Why Intel i7-11700KF … first of all, it’s a chance a chance to get reacquainted with and really EXPLORE the Intel ecosystem and especially the Rocket Lake architecture https://en.wikipedia.org/wiki/Rocket_Lake – which will be important to understand, particularly when we get into the tracing and performance monitoring stuff … the VOLUME lesson, which applies to Intel [moreso than NVIDEA] matters here as well – Intel is not perfect, but its VOLUMES mean that problems are well known … and when you know exactly what the problem is, you can work around it, ie this life lesson gets re-iterated so it must be an important one.

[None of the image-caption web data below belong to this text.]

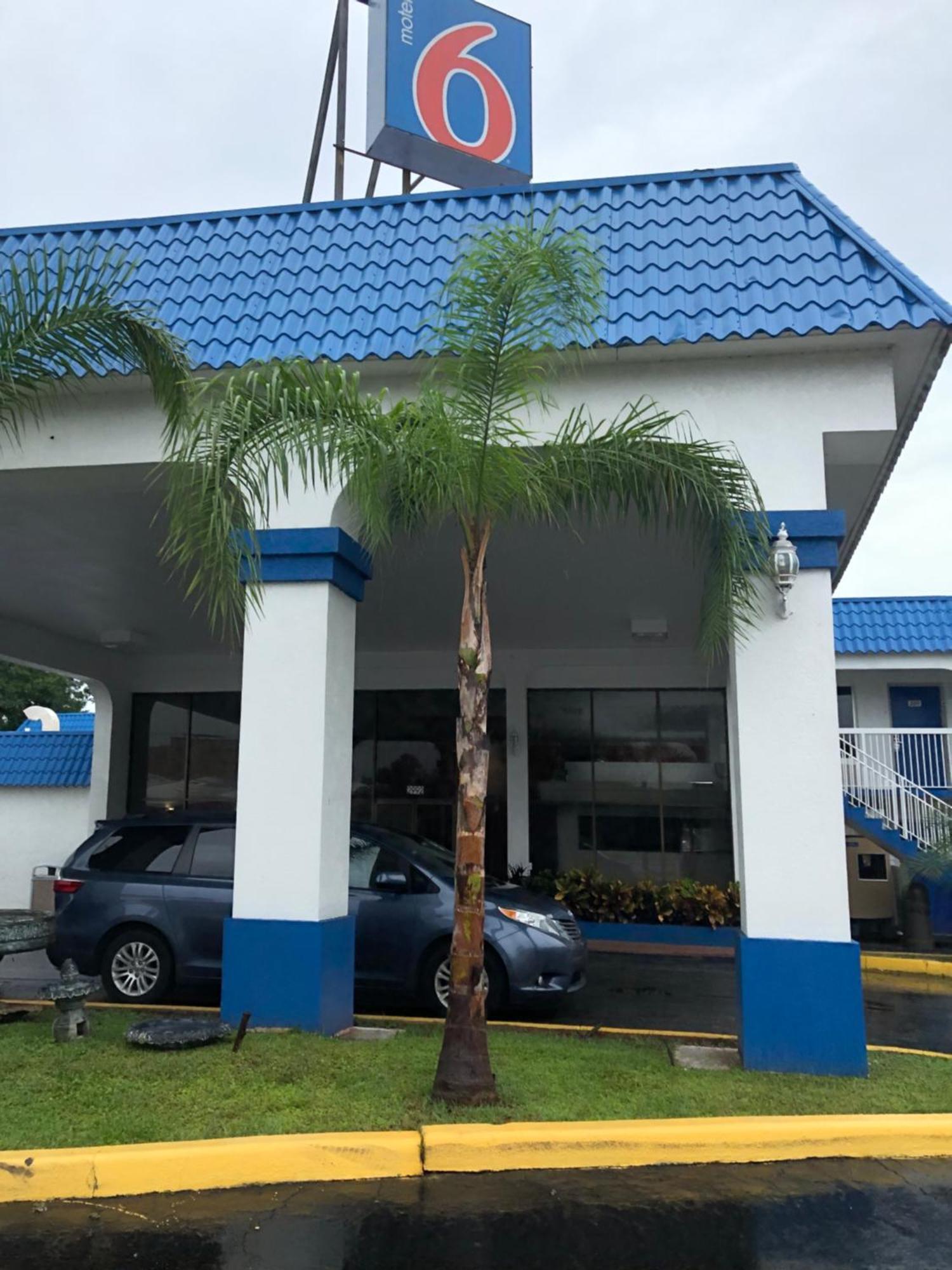 Motel 6-Daytona Beach, Fl - Speedway Esterno foto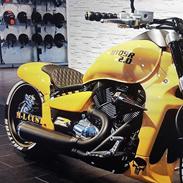 Suzuki Intruder M1800R Limited Edition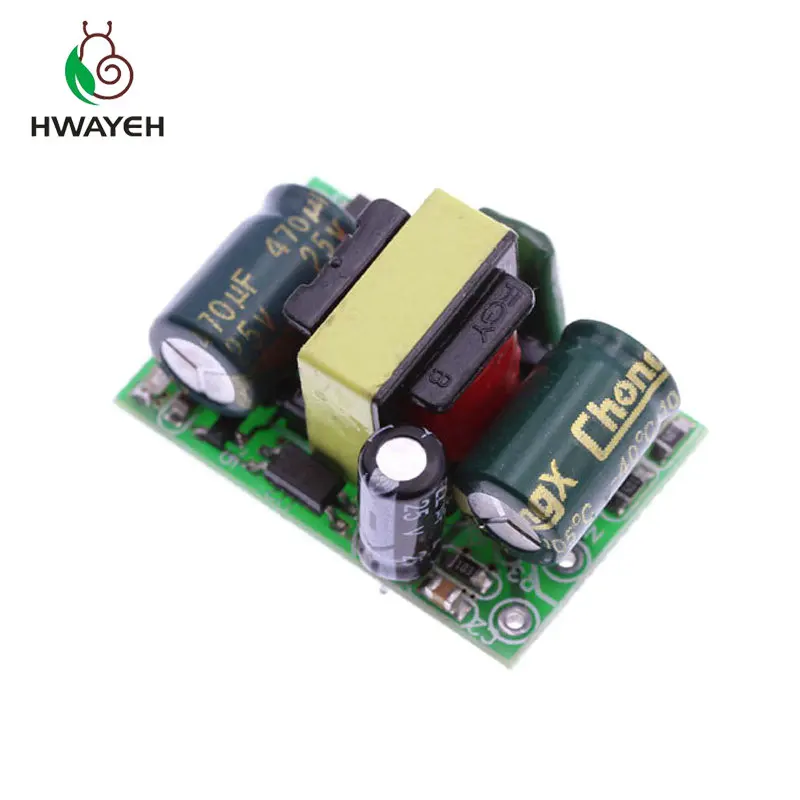 

1PCS 12V 400mA AC-DC Isolated Power Buck Converter 220V to 12V Step Down Module 5V 700MA 3.3V 700MA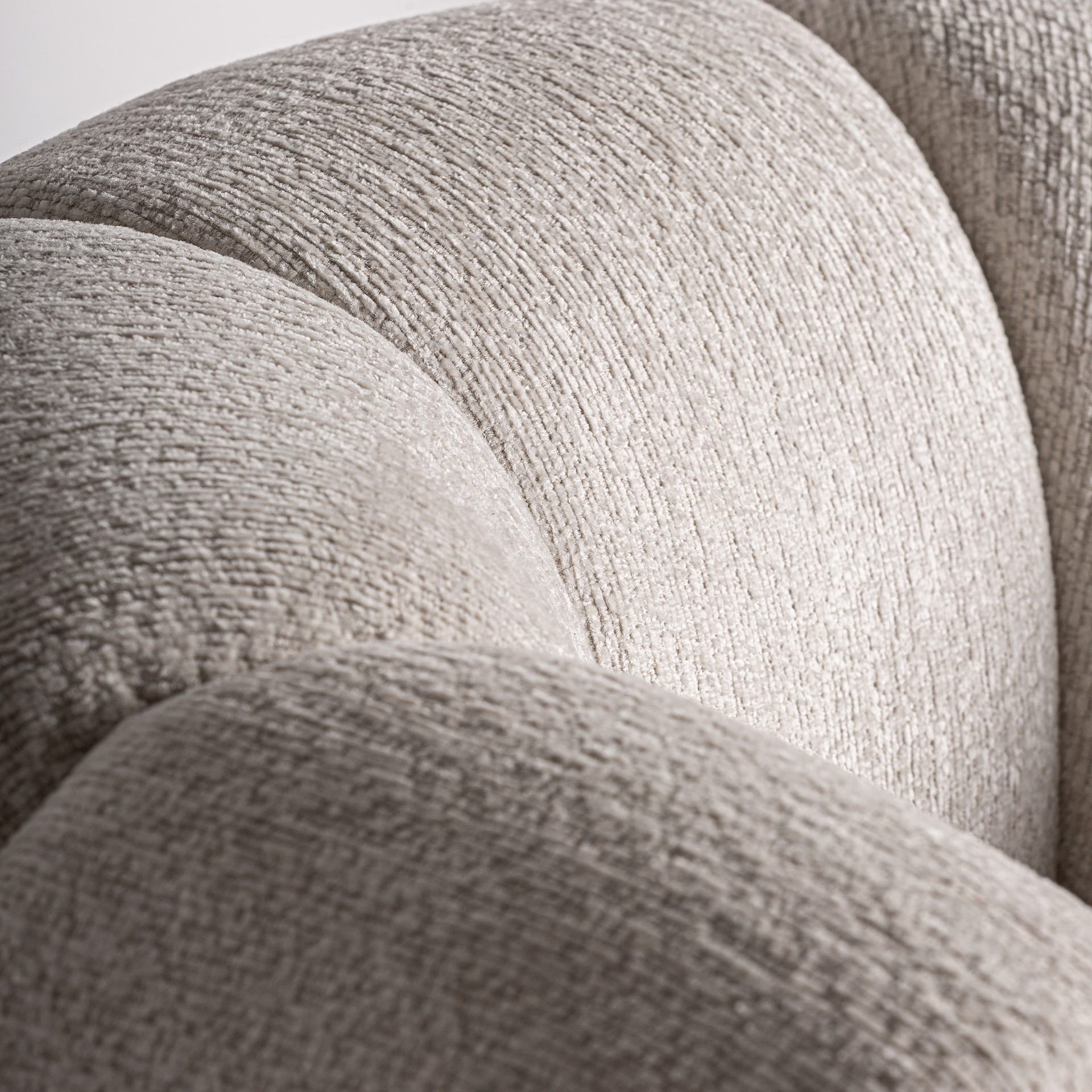 Fotel muszla, Natural Home Decor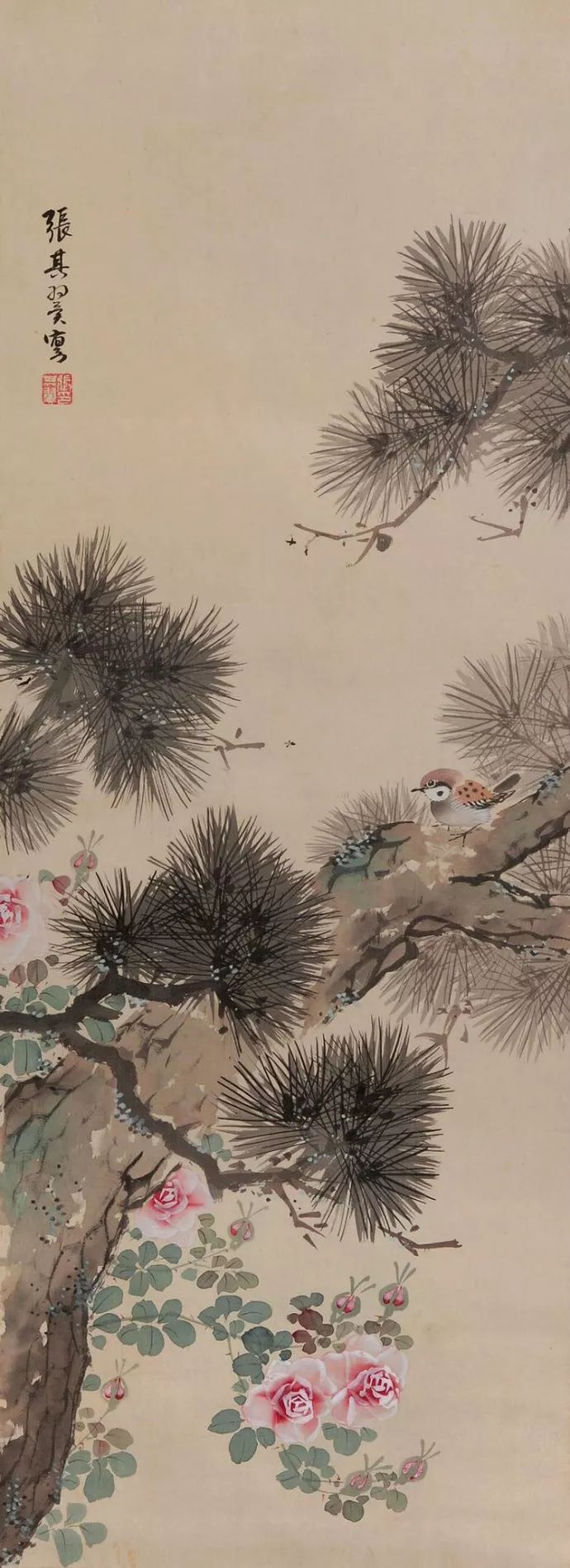张其翼：学画画没捷径可走，就一个“练”字 名人名家 第64张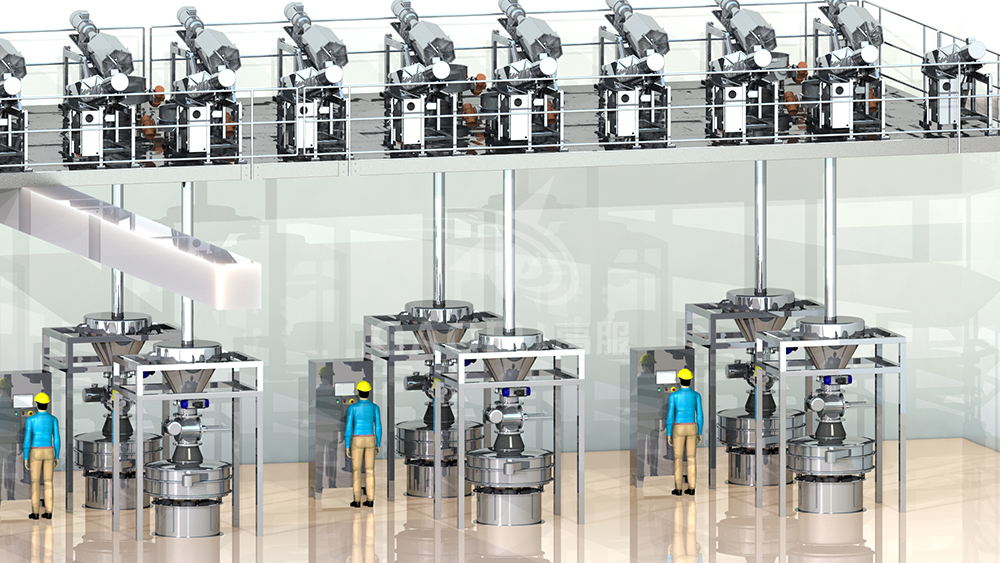 供粉系统怎么选？常见问题与解决方案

The i7-11700KF in our cheapo system is certainly not an entirely bad cpu … yes, it’s afforable so it has limitations, the 16 MB L3 cache, for example, can become a bottleneck … BUT you are in control of the software, so gotta find ways to get AROUND those bottleneck OR it will be necessary to get a new cpu … but i7-11700KF has 8 cores, runs 16 threads … and has neato technologoes like the Intel® Gaussian & Neural Accelerator (GNA) … an ultra-low power accelerator block designed to run audio and speed-centric AI workloads. The Intel® GNA is actually designed to run audio based neural networks at ultra-low power, while simultaneously relieving the CPU of this workload … this kind of thing is nothing short of amazing, if only because this magic easter egg of a feature illustrates how HUGE of a roll software has now inside a hardware product. https://www.techreviewer.com/tech-specs/intel-11700kf-for-gaming/
https://ark.intel.com/content/www/us/en/ark/products/212048/intel-core-i711700kf-processor-16m-cache-up-to-5-00-ghz.html
Why 32 (2X16) GB DDR4 memory in two of the four slots? Why not just 16 or 4X16 for 64? Why not the full 128?
32 GB is probaby going to be enough for most tasks; if it isn’t … that might be the time to add 2 X 32 for 96 GB; and if that’s still not enough replace the 2 X 16 with 32s.
Why the GeForce RTX 3080 gpu card?
We cannot afford the DGX H100 SuperPod … yet … https://www.nvidia.com/en-us/data-center/dgx-superpod/